This paper addresses longstanding challenges in distributed source coding, joint source-channel coding, and distributed joint coding. We propose Overlapping Arithmetic Coding (OAC), a novel generalization of arithmetic coding that relaxes the classical requirement of disjoint, gapless subintervals. By mapping source symbols to *overlapping*, *forbidden*, and *hybrid* subintervals, OAC establishes the first arithmetic coding framework supporting non-exclusive interval partitions. Leveraging an interval-mapping reconstruction framework—integrated with information-theoretic duality analysis and overlapping modeling—we establish a direct correspondence between coding structure and distributed/joint coding tasks. OAC not only enables efficient distributed source coding but also provides a unified, scalable theoretical framework for multi-terminal collaborative coding. It fundamentally extends arithmetic coding beyond traditional constraints, offering a new paradigm for structured, distributed compression and joint design.
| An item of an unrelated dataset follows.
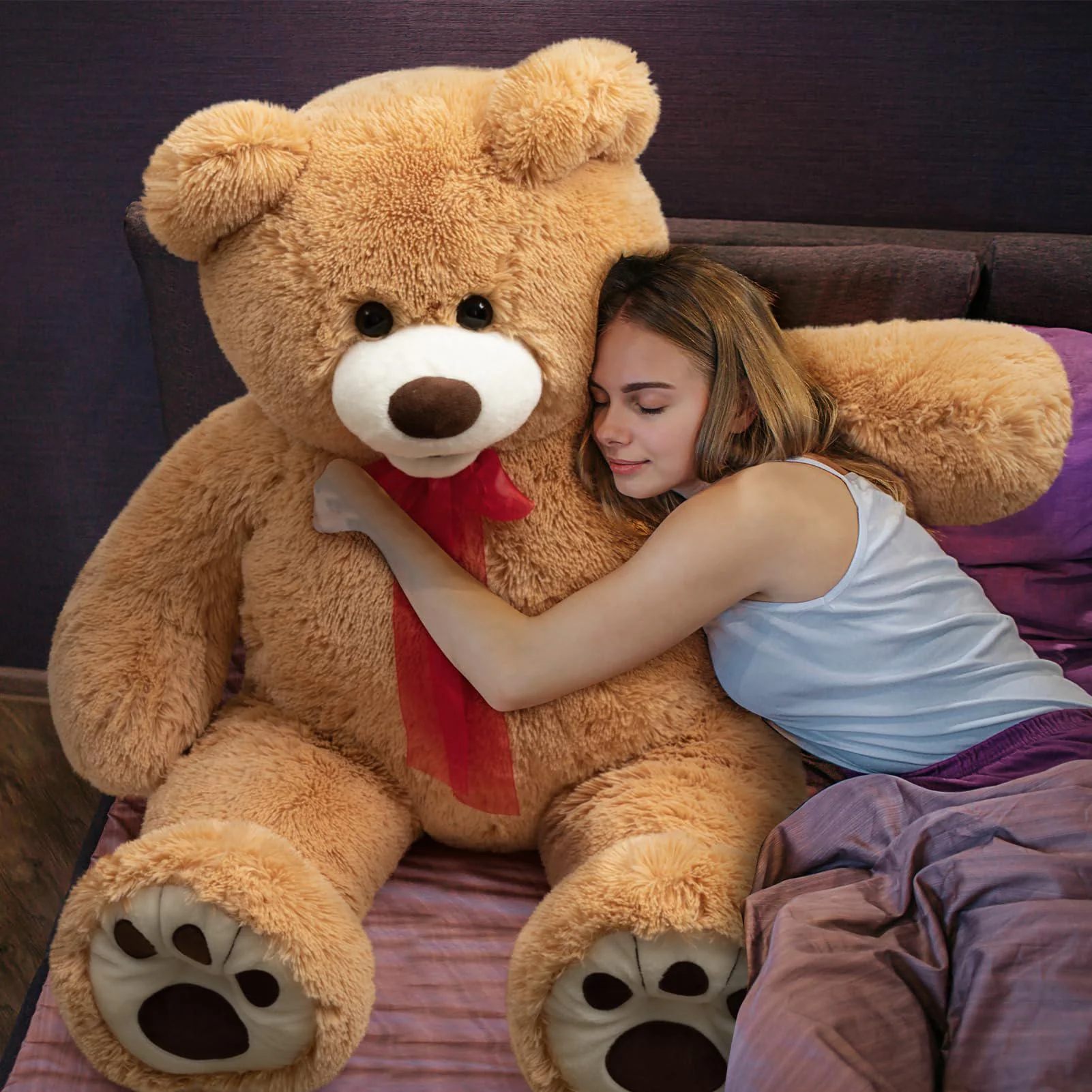 hollyhome giant teddy bear stuffed animal 4 ft huge teddy bear plush with embroidered paws cuddly toy for girlfriend and kids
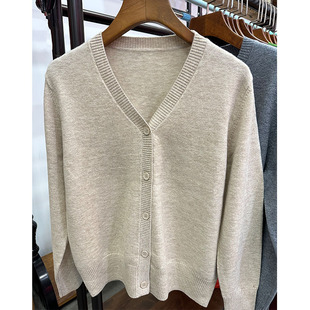 毛衣开衫女春装外套依卡璐双鹿v领针织外搭上衣纯羊毛衫洋气小衫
Arithmetic codes are usually deemed as the most important means to implement lossless source coding, whose principle is mapping every source symbol to a sub-interval in [0, 1). For every source symbol, the length of its mapping sub-interval is exactly equal to its probability. With this symbol-interval mapping rule, the interval [0,1) will be fully covered and there is neither overlapped sub-interval (corresponds to more than one source symbol) nor forbidden sub-interval (does not correspond to any source symbol). It is well-known that there is a duality between source coding and channel coding, so every good source code may also be a good channel code meanwhile, and vice versa. Inspired by this duality, arithmetic codes can be easily generalized to address many coding problems beyond source coding by redefining the source-interval mapping rule. If every source symbol is mapped to an enlarged sub-interval, the mapping sub-intervals of different source symbols will be partially overlapped and we obtain overlapped arithmetic codes, which can realize distributed source coding. On the contrary, if every source symbol is mapped to a narrowed sub-interval, there will be one or more forbidden sub-intervals in [0, 1) that do not correspond to any source symbol and we obtain forbidden arithmetic codes, which can implement joint source-channel coding. Furthermore, by allowing the coexistence of overlapped sub-intervals and forbidden sub-intervals, we will obtain hybrid arithmetic codes, which can cope with distributed joint source-channel coding.